Recently I acquired a faulty Dell DR6000 for cheap with the intent of using it for parts. The system was no slouch with dual Xeons, 192GB of RAM, 12x Seagate Constellation ES3 4TB hard drives and an additional two 15K 300GB Toshiba SAS disks for the OS.
Before tearing it down I figured if I can get it working again, i’d rather use this and upgrade my home NAS to it if it can be recovered. It had a note attached to it by the prior admin “randomly powered off and wont power on again”.
When I first powered it up, my monitor was reporting the signal was out of range, which was odd. Putting an oscilloscope on it showed that there was indeed a VGA signal there, but the timing was all messed up. I figured it would be best to try the easiest options first such as clear the BIOS and iDRAC (there are jumpers for both). I didn’t expect this to yield any results as it looked like a hardware fault, but I was wrong.
The VGA timing was still all messed up, but had changed, and would change several times if I waited. Eventually if I waited long enough (about 5 minutes) it would settle down and I would finally get an image on the screen. This presented with the next clue, the dreaded iDRAC cant start error indicating a faulty eMMC. I have seen this before as has quite a few others, unfortunately this usually means either replacing the BGA eMMC with a new part and re-flashing it, or replacing the entire motherboard.
Still I held out hopes that it could be recovered, while I am no novice with a soldering iron and hot air workstation, BGA rework is still out of my league. As such this left me with only one option, which is to re-flash the iDRAC via the debug UART port. Thankfully the community has done a lot of work figuring out how to recover systems with faulty iDRACs, so there was quite a bit of information on this available.

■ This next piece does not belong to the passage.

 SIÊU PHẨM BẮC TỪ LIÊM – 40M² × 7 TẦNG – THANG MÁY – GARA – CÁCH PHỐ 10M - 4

First step was to connect to the UART, as can be seen in the below image, the UART is easily accessible as an unpopulated four pin header.
I was not keen on pulling the motherboard out, or even soldering to it if could help it. I found if I just sat a header into it, connected my USB TTL UART adapter to the header and sat some light weight on it so it canted over in the holes, I could get a reliable connection without needing to solder in the header.
The blue markings on the other socket in that photo are the iDRAC reset and UBOOT interruption enable pins on the debug header. Simply pulling either of these pins to ground would be enough to trigger the reset or enable the uboot interrupt .
By pulling the reset line low (grounding) and then holding the second pin for uboot low while holding a key on the keyboard, I was able to get into the uboot command prompt and using the dell tool included in the uboot build re flashed the eMMC from a image on an SD card.
The good news, the flash succeeded, no errors. The bad news, the system still reported iDRAC was not responding on POST. This however turned out to be easily solvable by powering off the system and discharging the “flea” power (hold the power button while unplugged) forcing a completely cold boot of the system.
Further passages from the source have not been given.